About this exercise. Starting at the line with "stabdžių diskas (1vnt)" and going on through the line with "4_Pair Set Unisex", reproduce each line in the records below exactly and nothing more.

***** The data *****

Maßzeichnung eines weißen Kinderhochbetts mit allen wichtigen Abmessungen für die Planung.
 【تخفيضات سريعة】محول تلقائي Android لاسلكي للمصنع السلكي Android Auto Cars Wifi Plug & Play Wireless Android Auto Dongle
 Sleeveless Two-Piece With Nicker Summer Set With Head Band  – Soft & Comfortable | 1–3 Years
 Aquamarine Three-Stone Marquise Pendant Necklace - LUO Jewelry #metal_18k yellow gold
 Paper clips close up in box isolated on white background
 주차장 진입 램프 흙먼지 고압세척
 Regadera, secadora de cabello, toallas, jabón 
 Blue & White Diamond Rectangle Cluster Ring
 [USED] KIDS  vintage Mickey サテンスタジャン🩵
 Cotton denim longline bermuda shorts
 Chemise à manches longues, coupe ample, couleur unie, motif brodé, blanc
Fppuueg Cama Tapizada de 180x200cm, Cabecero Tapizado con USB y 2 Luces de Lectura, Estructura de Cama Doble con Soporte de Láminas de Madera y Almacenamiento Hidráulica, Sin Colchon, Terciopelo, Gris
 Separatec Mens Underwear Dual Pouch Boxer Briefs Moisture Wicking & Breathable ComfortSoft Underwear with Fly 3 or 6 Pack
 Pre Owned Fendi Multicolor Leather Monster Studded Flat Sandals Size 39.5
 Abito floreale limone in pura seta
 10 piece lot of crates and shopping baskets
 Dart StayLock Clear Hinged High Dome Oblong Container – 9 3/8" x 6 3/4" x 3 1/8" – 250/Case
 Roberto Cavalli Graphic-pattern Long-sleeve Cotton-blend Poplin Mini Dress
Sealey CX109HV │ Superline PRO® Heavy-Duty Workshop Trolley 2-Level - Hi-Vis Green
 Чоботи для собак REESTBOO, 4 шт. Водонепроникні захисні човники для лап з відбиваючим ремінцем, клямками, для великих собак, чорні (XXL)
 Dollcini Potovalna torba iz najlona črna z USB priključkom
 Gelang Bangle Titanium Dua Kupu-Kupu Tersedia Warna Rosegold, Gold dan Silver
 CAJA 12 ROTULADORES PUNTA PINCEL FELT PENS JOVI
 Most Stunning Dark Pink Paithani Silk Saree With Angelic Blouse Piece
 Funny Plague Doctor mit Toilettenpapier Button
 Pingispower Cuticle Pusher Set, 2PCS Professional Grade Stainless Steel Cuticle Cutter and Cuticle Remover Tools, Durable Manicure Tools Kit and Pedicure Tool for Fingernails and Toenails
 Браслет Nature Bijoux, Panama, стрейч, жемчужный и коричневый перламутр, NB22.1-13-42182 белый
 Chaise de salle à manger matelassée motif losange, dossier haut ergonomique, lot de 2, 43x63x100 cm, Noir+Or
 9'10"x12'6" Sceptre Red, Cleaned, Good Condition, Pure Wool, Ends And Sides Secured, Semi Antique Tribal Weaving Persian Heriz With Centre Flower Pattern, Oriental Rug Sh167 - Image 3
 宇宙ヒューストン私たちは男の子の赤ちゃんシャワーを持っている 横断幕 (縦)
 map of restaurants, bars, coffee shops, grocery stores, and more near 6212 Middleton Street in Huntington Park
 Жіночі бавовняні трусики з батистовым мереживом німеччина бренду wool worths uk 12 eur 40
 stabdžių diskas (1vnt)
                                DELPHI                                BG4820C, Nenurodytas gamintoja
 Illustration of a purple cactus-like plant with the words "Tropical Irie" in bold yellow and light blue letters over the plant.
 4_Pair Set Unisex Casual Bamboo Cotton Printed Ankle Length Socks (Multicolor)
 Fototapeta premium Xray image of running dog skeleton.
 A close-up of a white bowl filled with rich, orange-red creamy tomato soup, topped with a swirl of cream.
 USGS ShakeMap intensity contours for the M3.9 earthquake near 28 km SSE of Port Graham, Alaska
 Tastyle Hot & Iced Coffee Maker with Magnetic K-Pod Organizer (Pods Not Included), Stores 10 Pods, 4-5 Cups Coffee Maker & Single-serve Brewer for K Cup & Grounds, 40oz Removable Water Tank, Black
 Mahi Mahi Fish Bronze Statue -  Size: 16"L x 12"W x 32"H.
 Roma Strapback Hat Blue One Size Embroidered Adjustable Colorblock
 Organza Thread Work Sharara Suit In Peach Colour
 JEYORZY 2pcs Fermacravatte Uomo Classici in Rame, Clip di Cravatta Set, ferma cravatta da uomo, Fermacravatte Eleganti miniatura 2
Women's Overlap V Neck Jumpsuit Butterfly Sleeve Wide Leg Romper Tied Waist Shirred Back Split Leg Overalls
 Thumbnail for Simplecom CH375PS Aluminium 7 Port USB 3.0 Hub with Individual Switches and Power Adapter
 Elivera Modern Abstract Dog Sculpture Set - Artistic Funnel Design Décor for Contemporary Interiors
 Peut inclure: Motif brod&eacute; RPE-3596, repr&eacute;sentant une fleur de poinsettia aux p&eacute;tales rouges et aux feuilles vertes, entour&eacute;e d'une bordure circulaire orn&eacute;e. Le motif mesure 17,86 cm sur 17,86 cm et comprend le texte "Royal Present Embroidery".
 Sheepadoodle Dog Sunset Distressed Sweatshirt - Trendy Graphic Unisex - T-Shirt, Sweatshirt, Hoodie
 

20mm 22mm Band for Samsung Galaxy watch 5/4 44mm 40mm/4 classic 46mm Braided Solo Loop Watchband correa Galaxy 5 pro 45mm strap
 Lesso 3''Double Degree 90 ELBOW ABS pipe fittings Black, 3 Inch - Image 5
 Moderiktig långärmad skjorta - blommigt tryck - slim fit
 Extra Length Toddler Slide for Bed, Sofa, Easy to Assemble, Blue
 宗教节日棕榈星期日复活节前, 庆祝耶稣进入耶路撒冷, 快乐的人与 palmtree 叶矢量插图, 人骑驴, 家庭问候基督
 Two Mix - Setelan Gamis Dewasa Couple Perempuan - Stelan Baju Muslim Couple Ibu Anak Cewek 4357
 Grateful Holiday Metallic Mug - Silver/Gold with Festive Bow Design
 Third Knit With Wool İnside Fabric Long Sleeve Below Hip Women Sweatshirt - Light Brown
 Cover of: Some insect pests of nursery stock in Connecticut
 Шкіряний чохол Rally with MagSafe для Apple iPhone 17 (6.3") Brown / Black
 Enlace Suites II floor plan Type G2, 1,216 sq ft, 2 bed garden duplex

*****

Response to this task.
 stabdžių diskas (1vnt)
                                DELPHI                                BG4820C, Nenurodytas gamintoja
 Illustration of a purple cactus-like plant with the words "Tropical Irie" in bold yellow and light blue letters over the plant.
 4_Pair Set Unisex Casual Bamboo Cotton Printed Ankle Length Socks (Multicolor)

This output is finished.